··· Recorded data ···
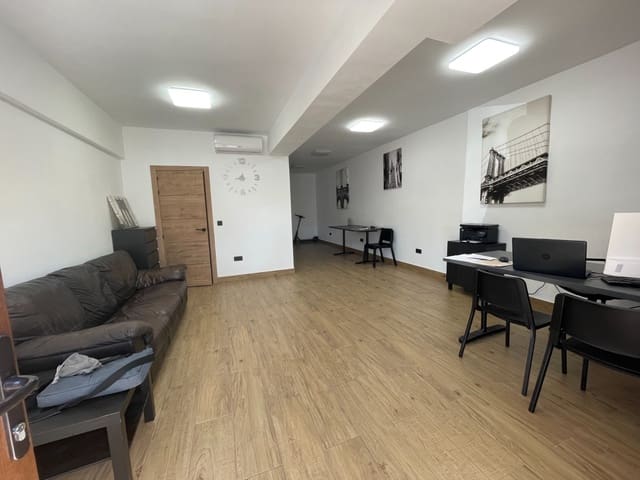 1 makuuhuone Kaupallinen myytävänä paikassa Las Viñas, Guardamar del Segura - 106 000 € (Ref: 8895450)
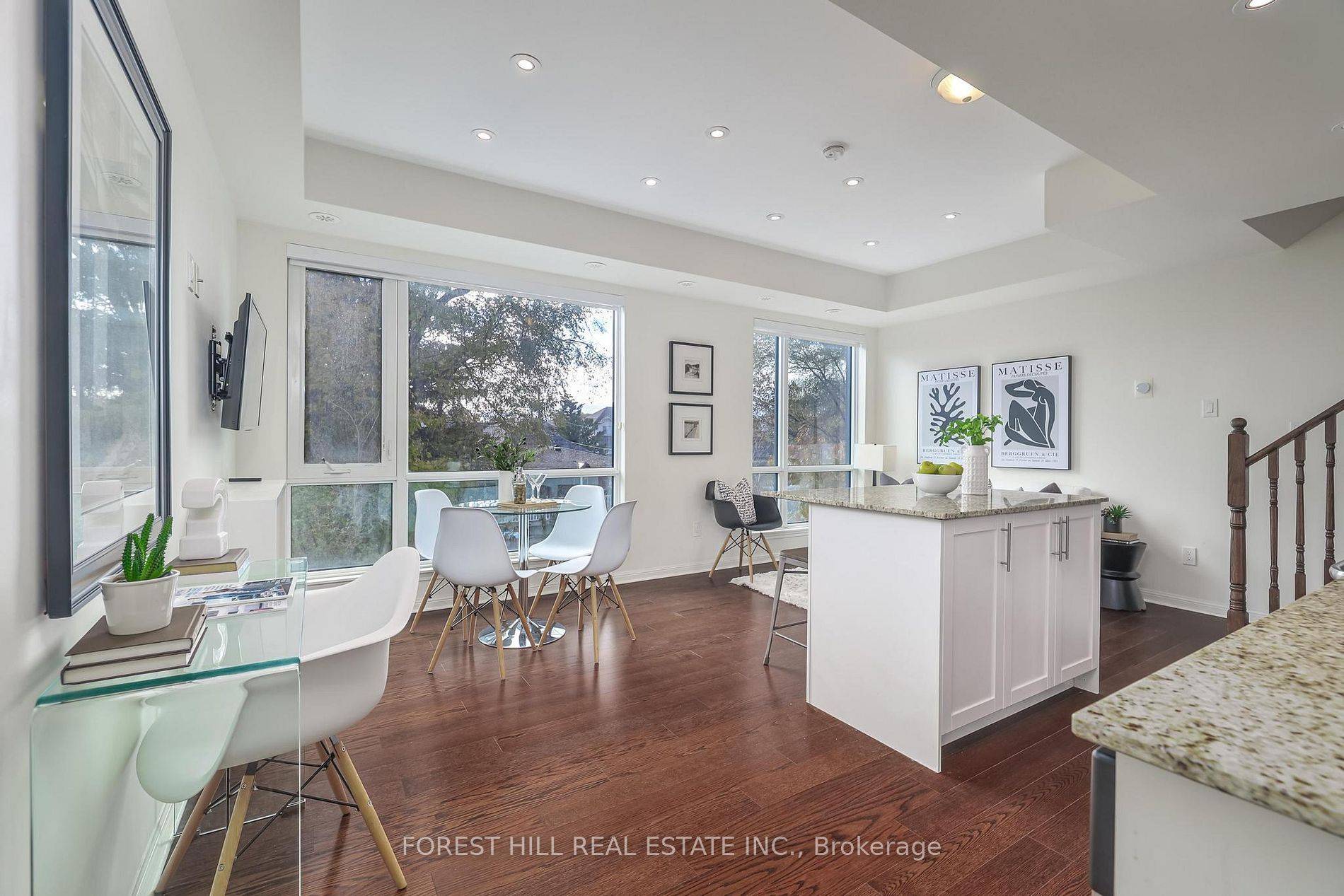 Toronto C04, ON M6A 1A9,639 Lawrence AVE W #318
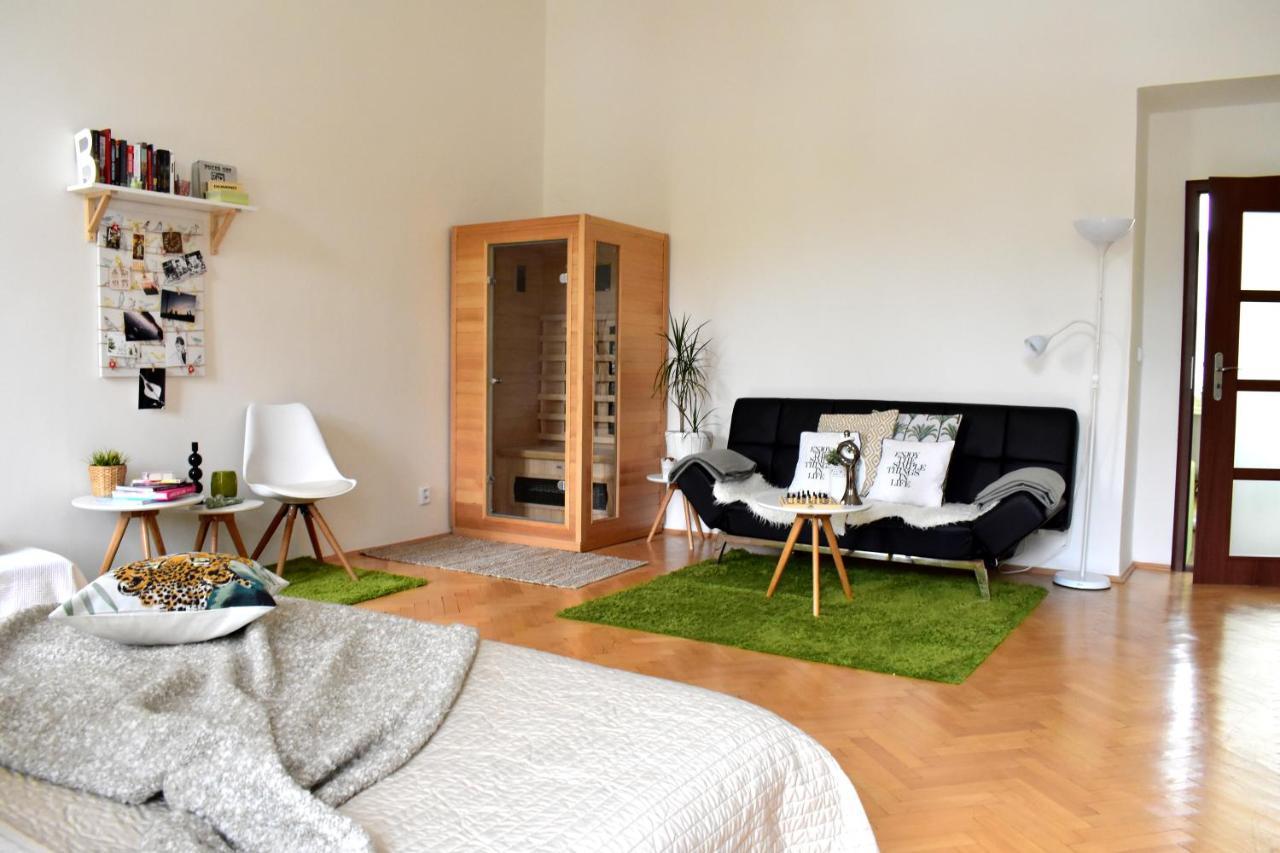 Wellness Apartments Florenc Прага Екстер'єр фото
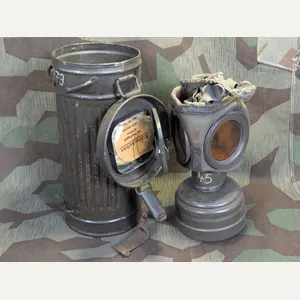 AEMA 1940 Gas Mask Can and Mask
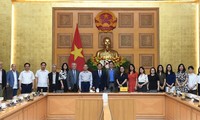 Canciller recibe a miembros de Asociación Global de Expertos y Científicos de Vietnam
···
All records above are to be repeated exactly, with the images left out.

▸ Your response
 1 makuuhuone Kaupallinen myytävänä paikassa Las Viñas, Guardamar del Segura - 106 000 € (Ref: 8895450)
 Toronto C04, ON M6A 1A9,639 Lawrence AVE W #318
 Wellness Apartments Florenc Прага Екстер'єр фото
 AEMA 1940 Gas Mask Can and Mask
 Canciller recibe a miembros de Asociación Global de Expertos y Científicos de Vietnam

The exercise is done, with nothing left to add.